Cal-Maine Foods (CALM 44.31, -3.99, -8.26%) slid 8.6% in pre-market
after reporting weaker than expected results for the first quarter. The early
selling sent the stock beneath its 200-day moving average (46.41) and into the
neighborhood of its low from July (43.50).
The company, which produces roughly 25% of the domestic egg supply, reported below-consensus first quarter earnings of $0.26 per share on a 29.6% year/year jump in revenue to $340.6 mln, which was also shy of expectations.
The company's strong revenue growth rate was achieved due to higher average customer selling prices while sales volumes were consistent with levels from a year ago. However, the company noted that 11% year-to-date growth in the number of chicks hatched will lead to a higher number of laying hens, which could weigh on future prices.
Cal-Maine Foods will pay a first quarter dividend of $0.085 per share, which is down from the last dividend of $0.35. The company employs a variable dividend policy, which calls for a dividend that amounts to one third of its net income.
The company produced 209.21 mln dozens, down 2.0% from 213.57 mln dozens produced one year ago. Unit sales grew 0.2% to 250.06 mln dozens.

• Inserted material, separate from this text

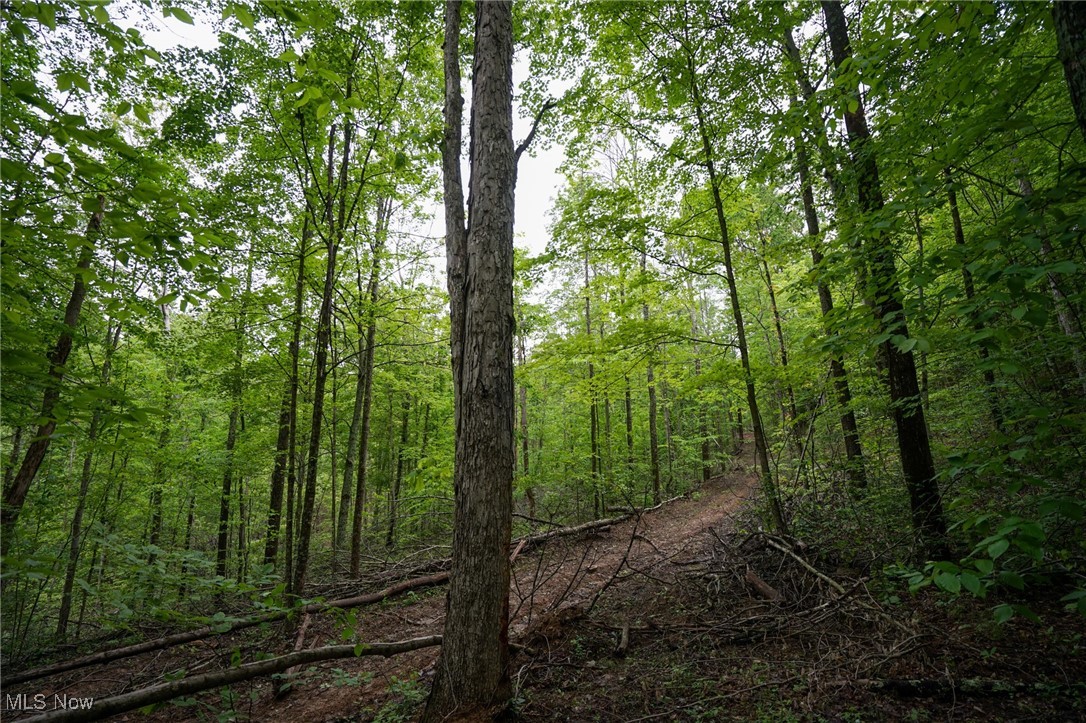Township Rd 460, Woodsfield, Ohio image 7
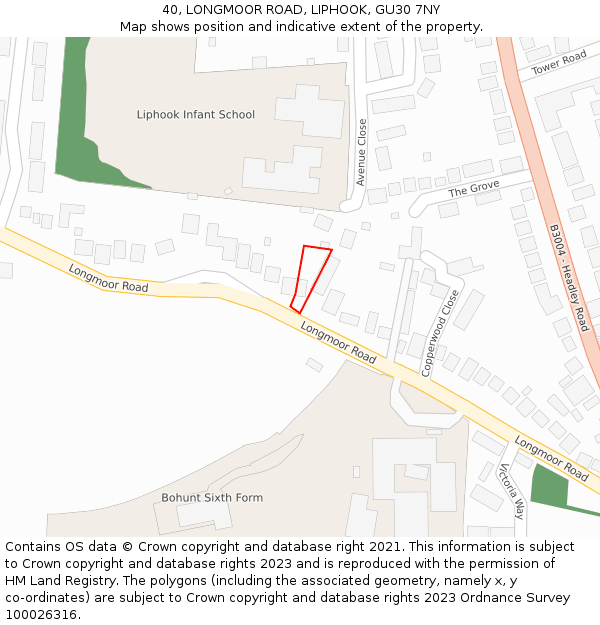 40, LONGMOOR ROAD, LIPHOOK, GU30 7NY: Location map and indicative extent of plot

Feed costs per dozen increased 10.1% to $0.413 while net average selling price per dozen increased 28.5% to $1.307. The net average selling price of specialty eggs increased 0.6% to $1.890 per dozen. Specialty egg sales made up 23.8% of all dozens sold, up from 21.7% one year ago. In dollar terms, specialty egg sales represented 34.2% of all sales, down from 39.6% of sales one year ago.